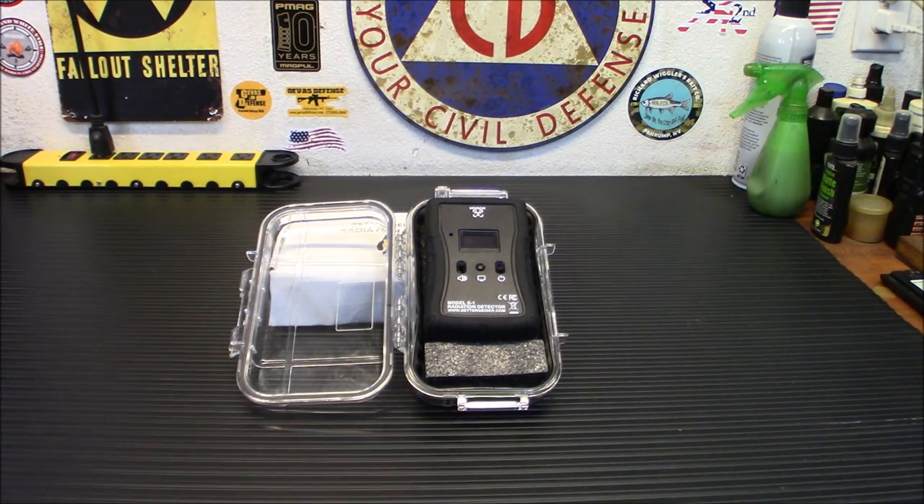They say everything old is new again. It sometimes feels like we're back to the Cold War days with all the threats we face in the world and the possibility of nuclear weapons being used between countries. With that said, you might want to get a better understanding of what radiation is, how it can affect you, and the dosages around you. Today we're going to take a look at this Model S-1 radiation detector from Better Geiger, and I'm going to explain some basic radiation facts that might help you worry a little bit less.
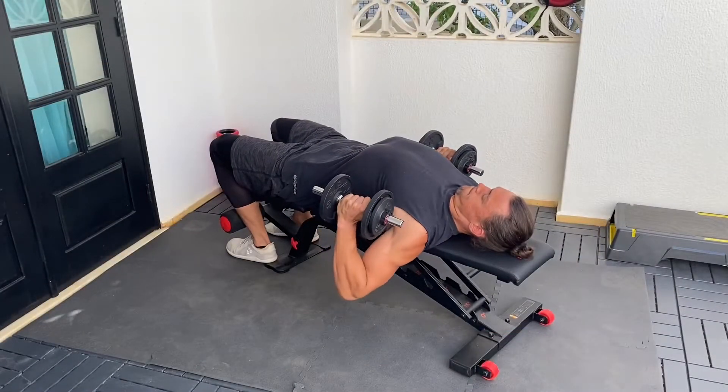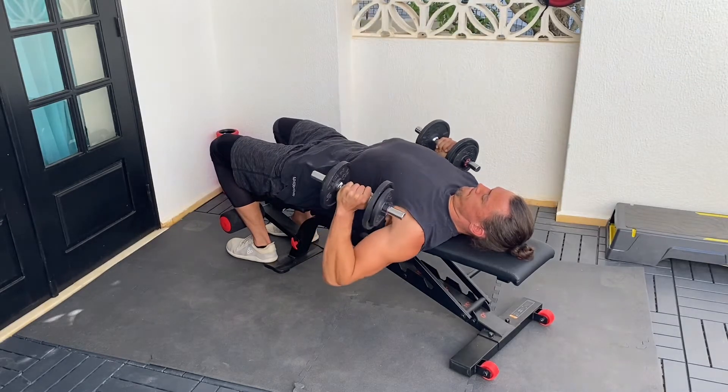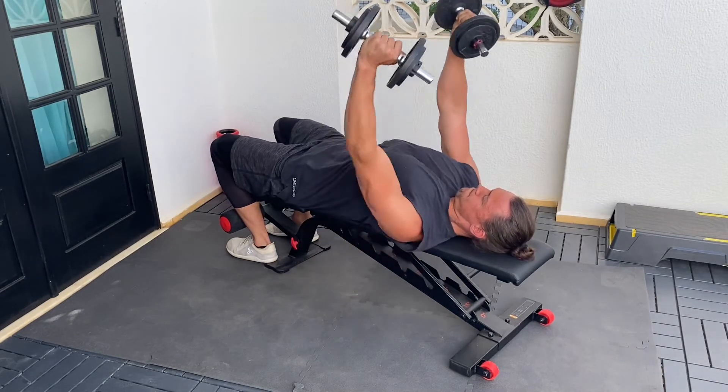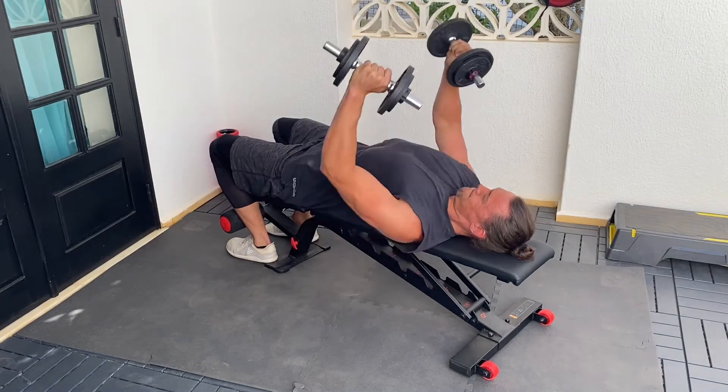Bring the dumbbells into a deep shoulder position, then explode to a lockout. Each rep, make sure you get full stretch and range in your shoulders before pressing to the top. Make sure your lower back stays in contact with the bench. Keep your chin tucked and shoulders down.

* * *

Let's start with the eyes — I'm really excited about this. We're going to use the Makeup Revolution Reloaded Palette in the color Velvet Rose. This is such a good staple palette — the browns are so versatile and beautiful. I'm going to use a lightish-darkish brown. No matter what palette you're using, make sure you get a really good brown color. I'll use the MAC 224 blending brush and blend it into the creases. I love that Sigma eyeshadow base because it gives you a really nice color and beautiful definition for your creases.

--

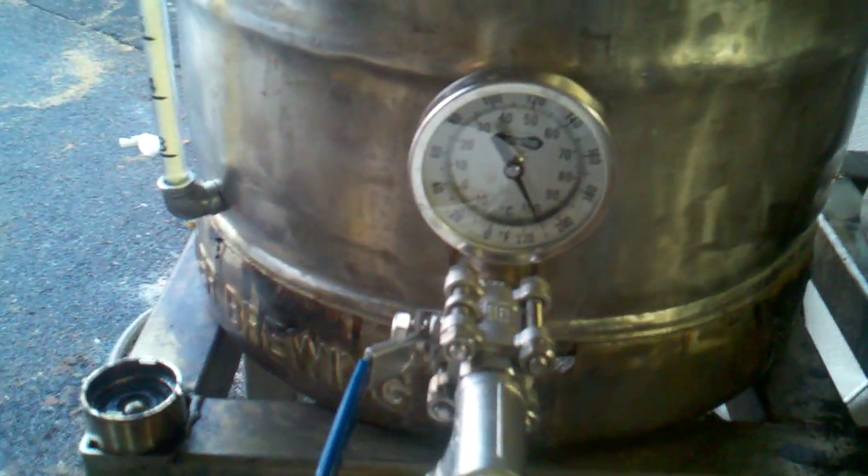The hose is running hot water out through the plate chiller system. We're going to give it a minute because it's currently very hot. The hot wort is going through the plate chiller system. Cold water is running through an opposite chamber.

• _Requirement_
Here the job is to copy the stretch of records from the line containing "They say everything" through the line containing "Bring the dumbbells", word for word. Leave every picture out.

• _Answer for the task_
They say everything old is new again. It sometimes feels like we're back to the Cold War days with all the threats we face in the world and the possibility of nuclear weapons being used between countries. With that said, you might want to get a better understanding of what radiation is, how it can affect you, and the dosages around you. Today we're going to take a look at this Model S-1 radiation detector from Better Geiger, and I'm going to explain some basic radiation facts that might help you worry a little bit less.
Bring the dumbbells into a deep shoulder position, then explode to a lockout. Each rep, make sure you get full stretch and range in your shoulders before pressing to the top. Make sure your lower back stays in contact with the bench. Keep your chin tucked and shoulders down.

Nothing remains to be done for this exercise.